The most general method would be to successively expand a connected, planar, bipartite graph $G$, whose vertices are colored $purple$ and $orange$ in a manner that makes each edge adjacent to a $purple$ and an $orange$ vertex.
In every step, $G$ can be expanded by either:
- adding a vertex that is connected to $G$ via an edge and colored in a way that makes the newly added edge adjacent to two different colors
- by adding adding an edge not yet in the graph that would connect vertices of different color and, that would preserve planarity.
As the planarity of graphs can be checked efficiently, (see e.g. http://en.wikipedia.org/wiki/Planarity_testing) it is viable to determine in each step a set of candidate edges, whose insertion into $G$ would preserve planarity; the bipartitness is ensured by inserting only edges that would connect vertices of different color.
A basic, purely "topological" method could then be to expand the graph by first checking if the set of candidate edges for insertion, while preserving planarity and bipartitness, is empty;
if that is the case, the only option is to
add a new vertex to the graph, restore the graph's connectivity via a single edge and color the newly added vertex appropriately
update the set of candidate edges by adding to it those edges that would be adjacent to the newly added vertex and, adjacent to another vertex of different color.

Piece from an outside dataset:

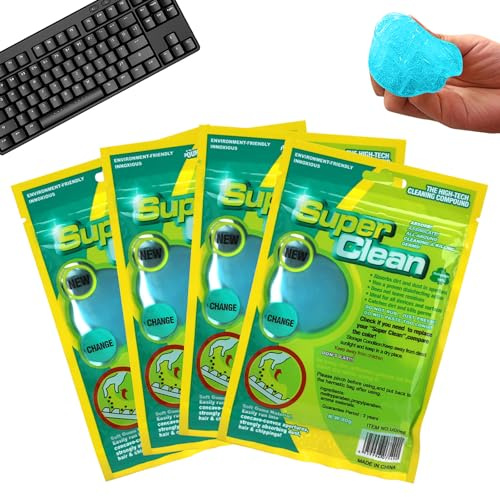 LUPATDY 4 gel per la pulizia della tastiera, detergente per la pulizia dell'auto, riutilizzabile, set di pulizia per laptop, stampanti, fotocamere, auto (4 blu)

else roll dice whether to expand the graph via adding a new vertex as described above or whether to
add a randomly selected edge from the candidate set and to
redetermine the set of candidate edges by removing from it those edges, whose insertion would violate the planarity condition.

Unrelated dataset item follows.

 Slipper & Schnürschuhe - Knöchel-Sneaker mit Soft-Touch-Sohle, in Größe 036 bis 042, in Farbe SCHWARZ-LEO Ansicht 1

The selection of the vertex, to which a new vertex will be connected, or, which of the candidate edges will be selected, can e.g. be controlled by probabilities that depend on vertex degrees; also the decision whether to add a vertex or an edge, can be controlled by assigning a certain probability to the options.
If fluffy graphs are preferred, then the insertion of a new vertex should have higher probability than inserting one of the candidate edges.